▶ Activity
An unchanged copy of every record below, without pictures, is the goal.

::: Given information

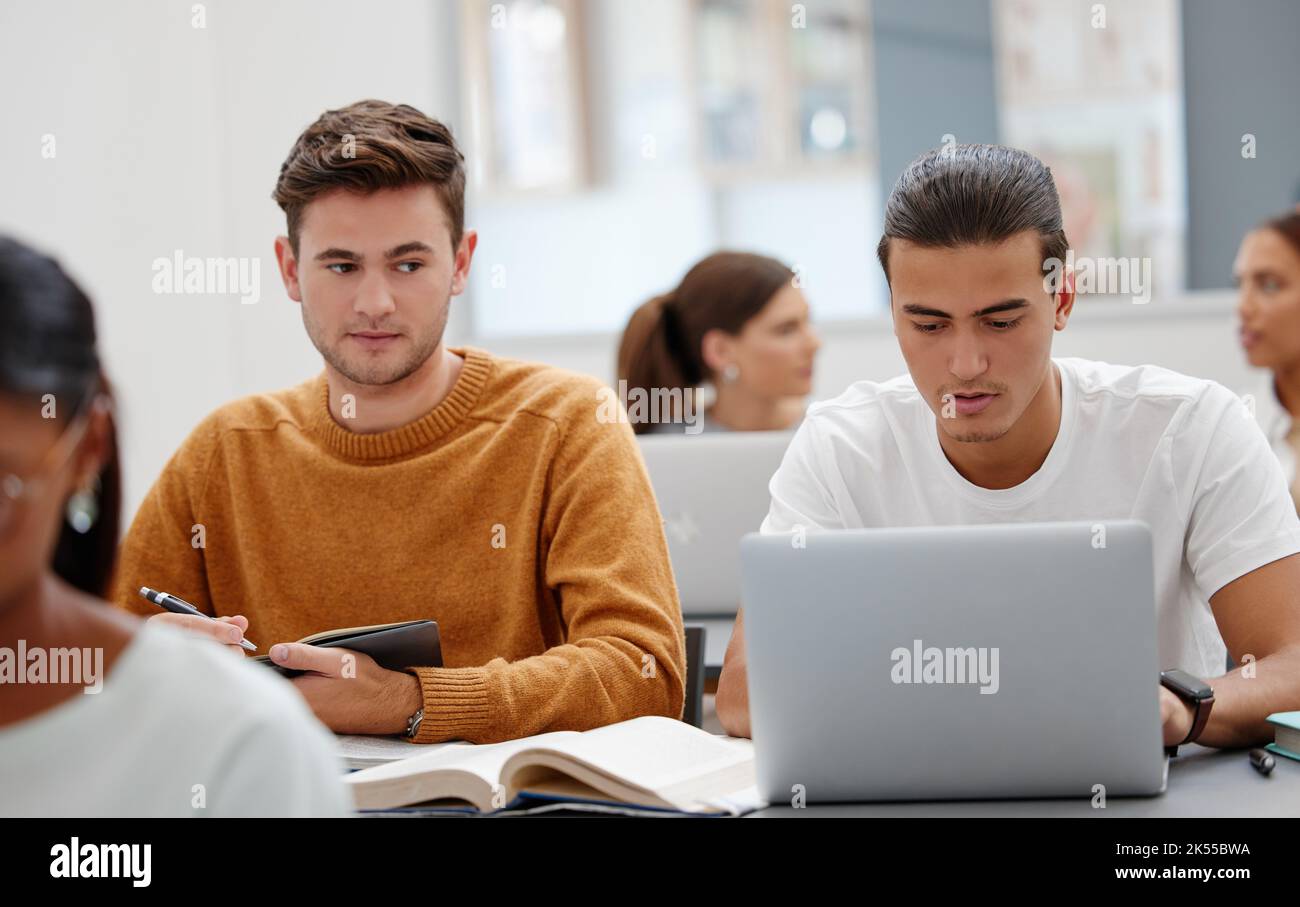 Education, laptop and student cheating in classroom working on test, exam or research. University, learning and college man writing notes, assignment Stock Photo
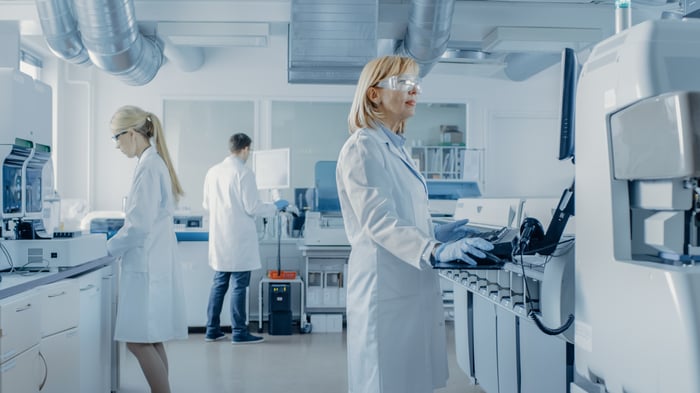 People in lab coats working in a laboratory. 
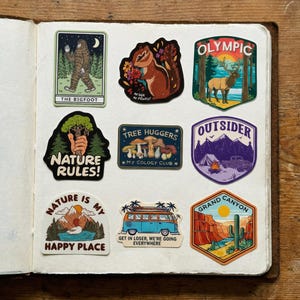May include: A collection of colorful stickers with nature-themed designs. The stickers feature images of Bigfoot, a chipmunk, a deer, mountains, a camper, a Grand Canyon scene, and text that reads "Nature Rules!" and "Nature is my happy place."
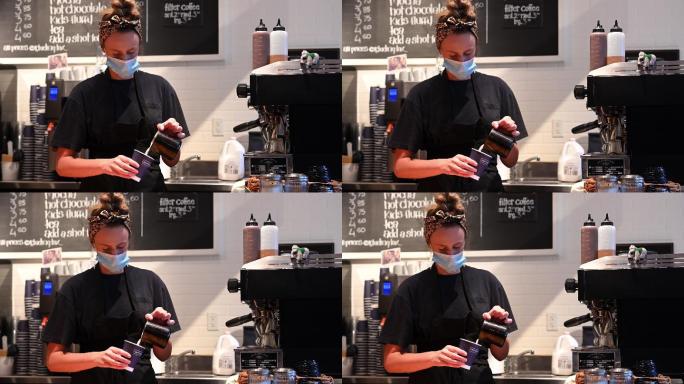 戴防护面罩的女咖啡师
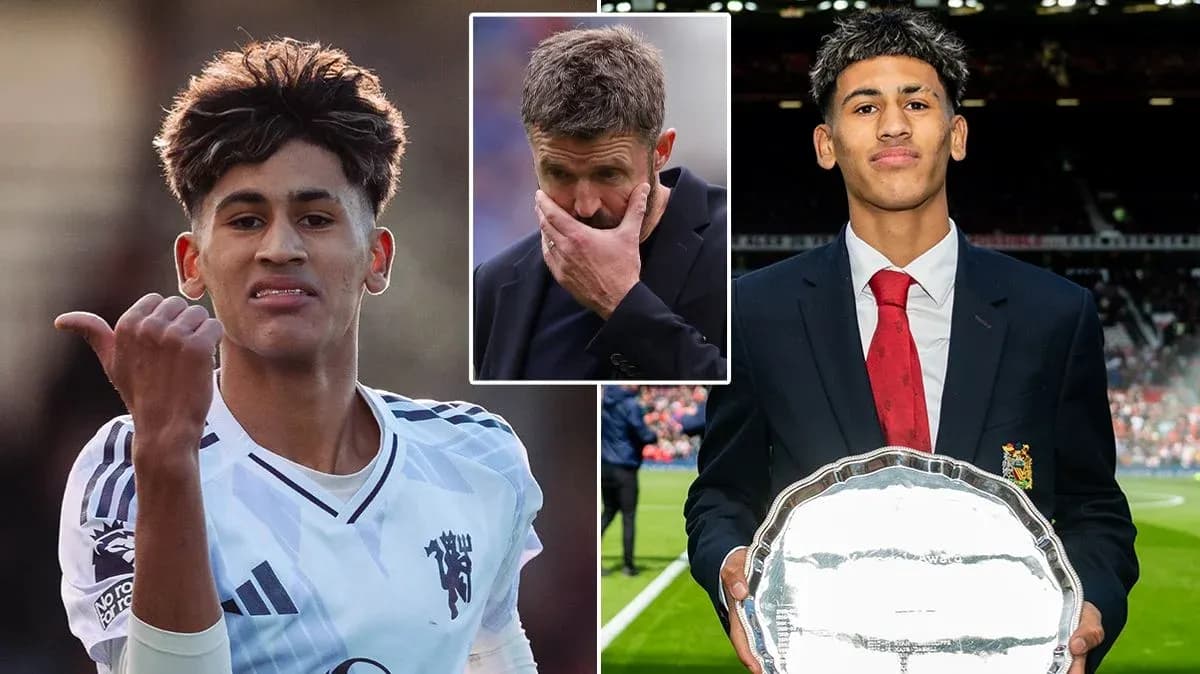 Young footballer celebrating with trophy and coach concerned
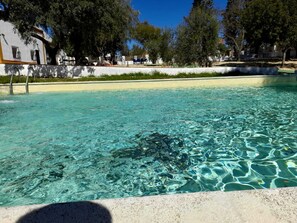 A clear swimming pool with a tiled edge, surrounded by trees and a white building with balconies. - Hacienda Marcharavi (Arcos de la Frontera)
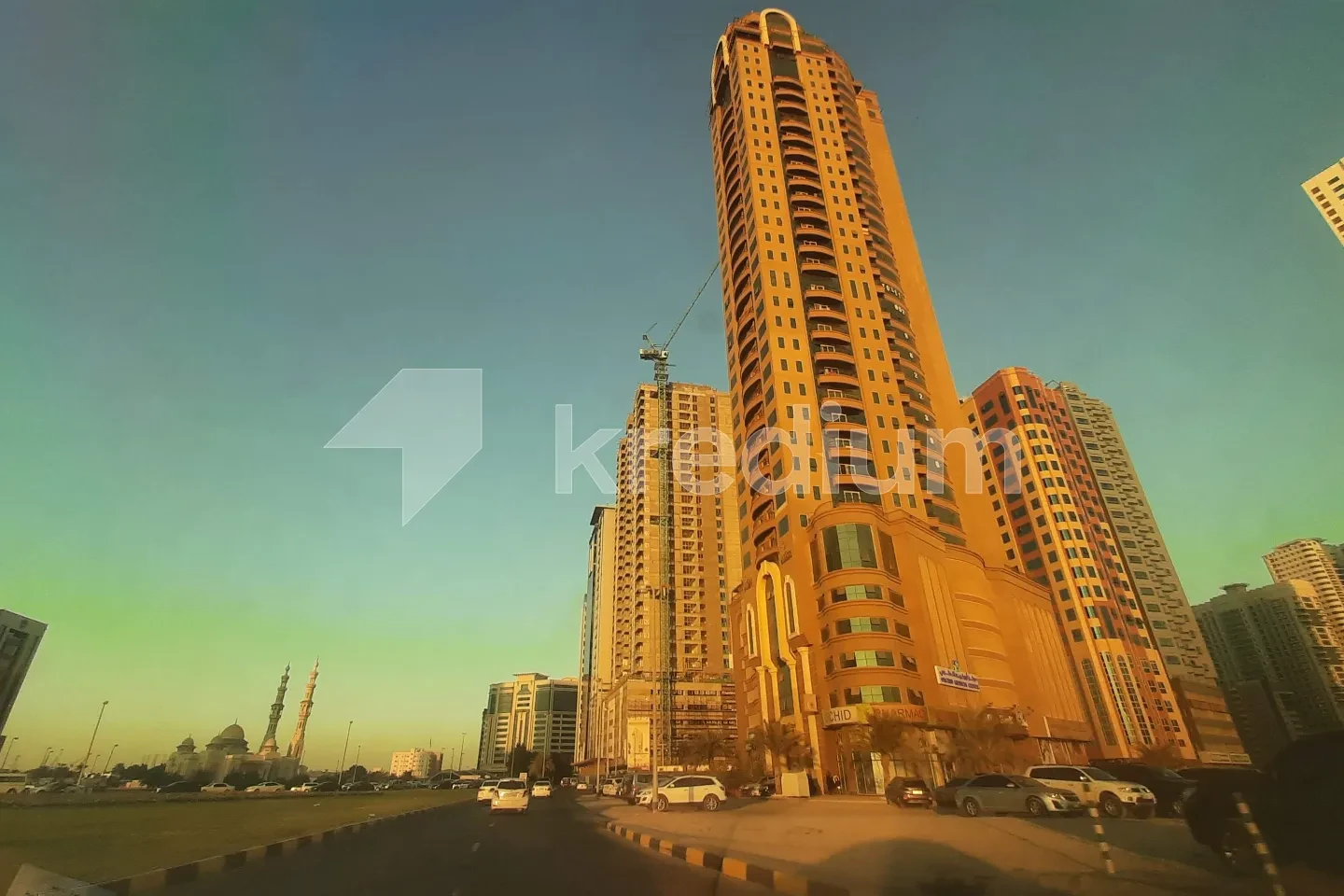 A high-rise modern building with a road running next to it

::::::

▶ Final answer
 Education, laptop and student cheating in classroom working on test, exam or research. University, learning and college man writing notes, assignment Stock Photo
 People in lab coats working in a laboratory. 
May include: A collection of colorful stickers with nature-themed designs. The stickers feature images of Bigfoot, a chipmunk, a deer, mountains, a camper, a Grand Canyon scene, and text that reads "Nature Rules!" and "Nature is my happy place."
 戴防护面罩的女咖啡师
 Young footballer celebrating with trophy and coach concerned
 A clear swimming pool with a tiled edge, surrounded by trees and a white building with balconies. - Hacienda Marcharavi (Arcos de la Frontera)
 A high-rise modern building with a road running next to it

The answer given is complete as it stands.